---- EXTRACTED MATERIAL

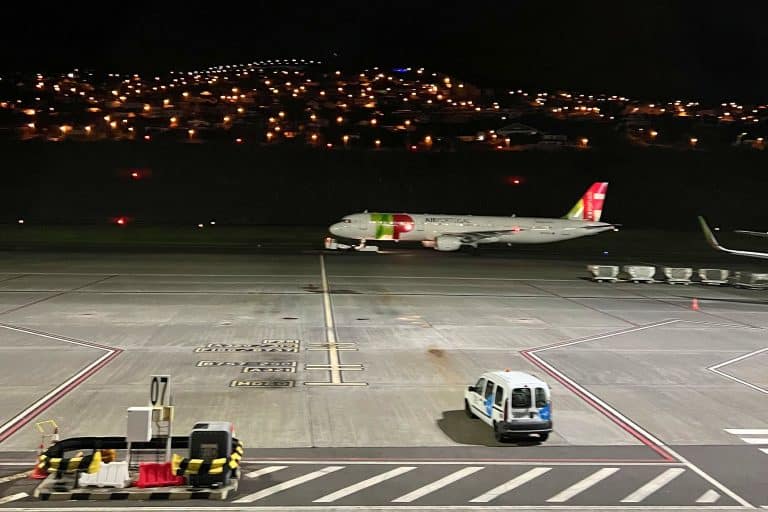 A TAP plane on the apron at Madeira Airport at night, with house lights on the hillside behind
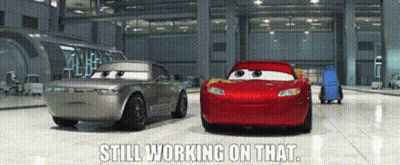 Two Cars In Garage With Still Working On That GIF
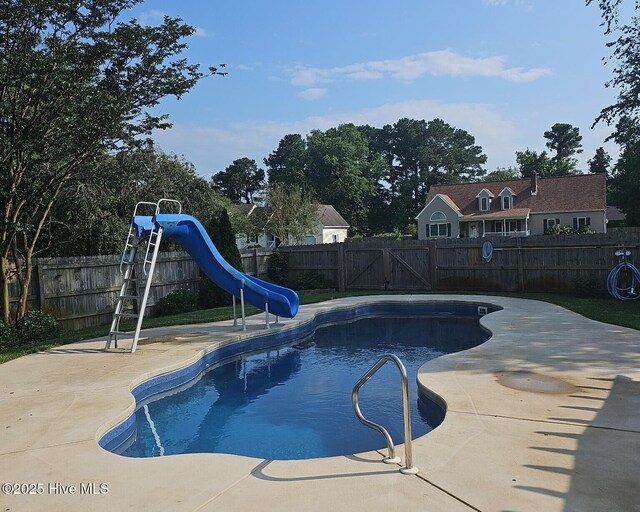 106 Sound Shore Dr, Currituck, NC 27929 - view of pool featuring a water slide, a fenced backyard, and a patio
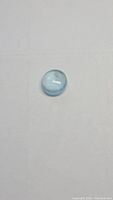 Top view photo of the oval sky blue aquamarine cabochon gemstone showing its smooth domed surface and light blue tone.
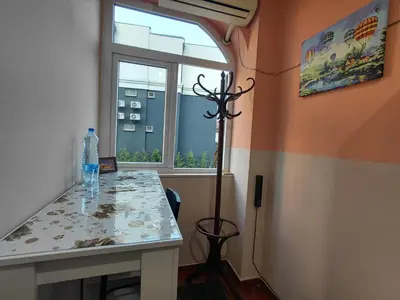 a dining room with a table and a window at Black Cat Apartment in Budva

--------

§ EXERCISE BRIEF
Drop the pictures and reproduce the rest of the data above exactly.

§ WRITTEN ANSWER
 A TAP plane on the apron at Madeira Airport at night, with house lights on the hillside behind
 Two Cars In Garage With Still Working On That GIF
 106 Sound Shore Dr, Currituck, NC 27929 - view of pool featuring a water slide, a fenced backyard, and a patio
 Top view photo of the oval sky blue aquamarine cabochon gemstone showing its smooth domed surface and light blue tone.
 a dining room with a table and a window at Black Cat Apartment in Budva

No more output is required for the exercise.